Sugar supply has reduced drastically, mainly owing to drought in Thailand and other Asian countries, Australia and Mexico. In the wake of the macro economic collapse and especially of energy prices, there are several questions at the back of their mind on how the global sugar industry will take shape.
Speaking to Robin Shaw, Head of Sugar Analysis at Marex Spectron, a leading commodity broker with extensive range of services and intellectual content across all commodity markets shared insights on the trend in the market. He said, “Only a couple of weeks ago we were comfortably preparing for a sugar market in 2020 trading at or above the ethanol parity, which we expected to be in the 13.50/14.00 c/lb range. But then came the collapse of energy prices as expectations of the spread of the corona virus became even more alarmist.

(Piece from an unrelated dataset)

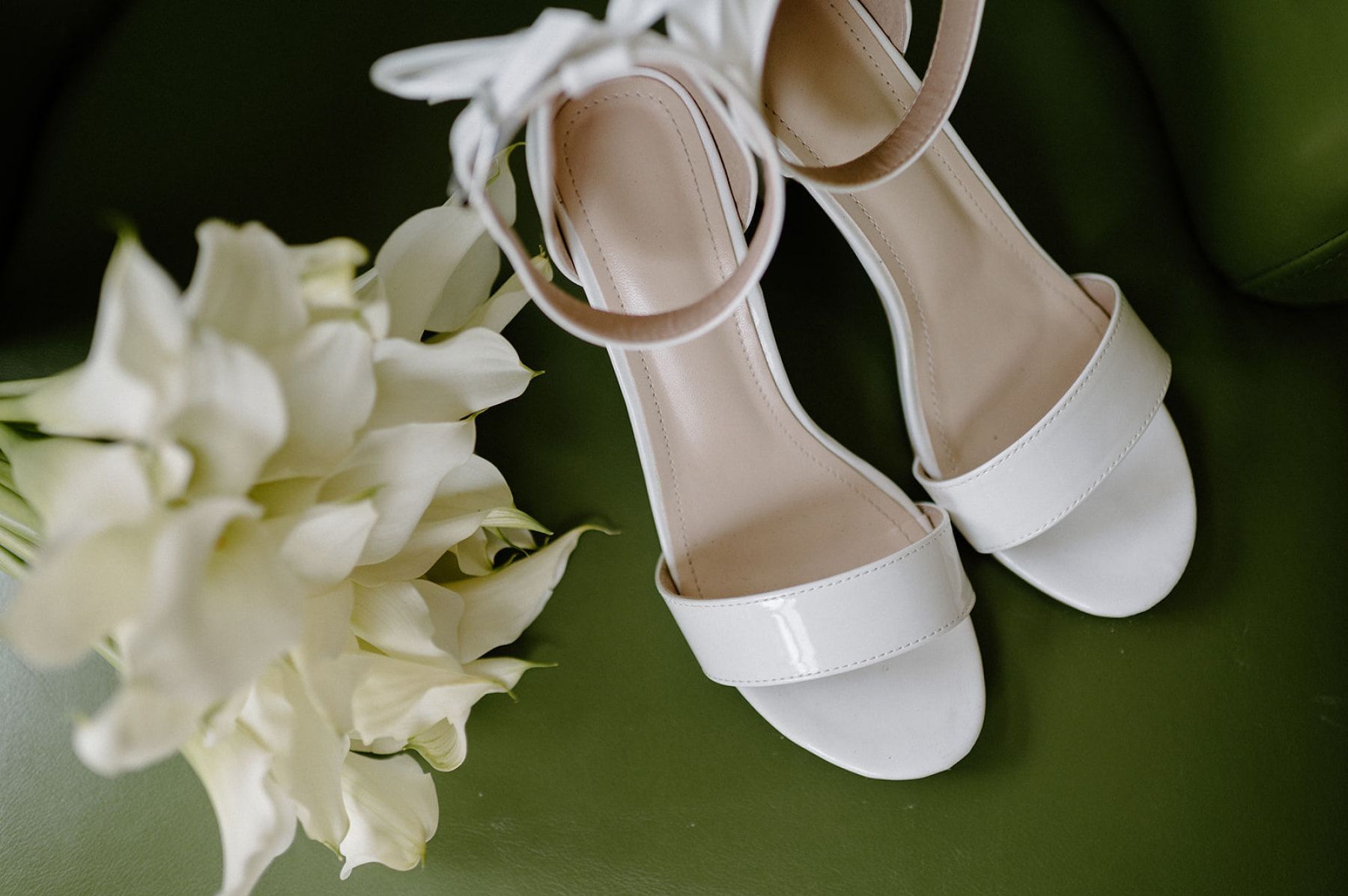 Tender Moments: Sara &amp; Alex’s Dreamy Day at Parents House on Lake Vernon photo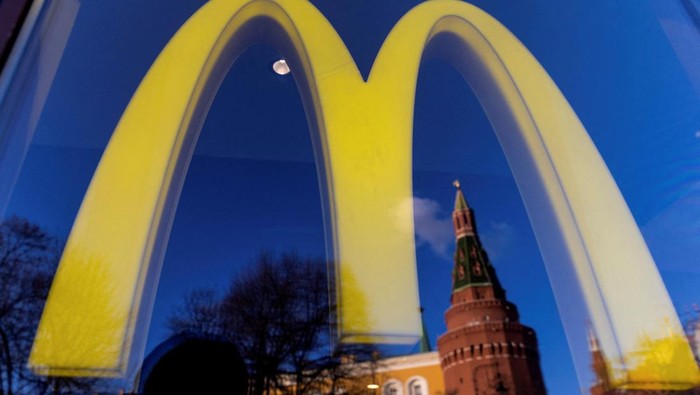 McDonalds mengumumkan akan keluar dari pasar Rusia. Sebelumnya, restoran cepat saji asal AS itu telah menutup ratusan gerainya di Rusia pada Maret lalu.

And if Crude Oil/RBOB prices stay where they are today into the coming CS Brazil harvest, it means that sugar prices will at some stage have to go below 12.00/clb or thereabouts, in order to prevent Brazilian mills for making excess sugar. We decisively feel that sugar is bullish for 2020; each week seems to get more bullish. So as the harvest progresses, sugar prices will dance to the tune of a complicated interplay between the amount of sugar produced so far, the RBOB and the market’s evolving belief about how much sugar is actually needed.”
“Speaking on the prospects for 2021, it looks unlikely that sugar industry will recover in time for next year’s cane harvest and it is probable that the combination of extreme weather having an extra negative effect on cane that has been subject to poor husbandry will continue. And consumption seems to be moving up slightly. So it is probable that 2020-2021 will be in deficit too. So we will need even more sugar out of CS Brazil. So we could by then be nearing the point when we ‘break free’ of the ethanol price. Against that is the fact that Indian production will certainly increase (but India will not export more than this year). Also, we have to bear in mind that while many producing countries are still suffering the effects of low sugar prices for the past 3 years, CS Brazil and India, the two biggest producers, have enjoyed excellent prices, at least for the last 2 years.” He added.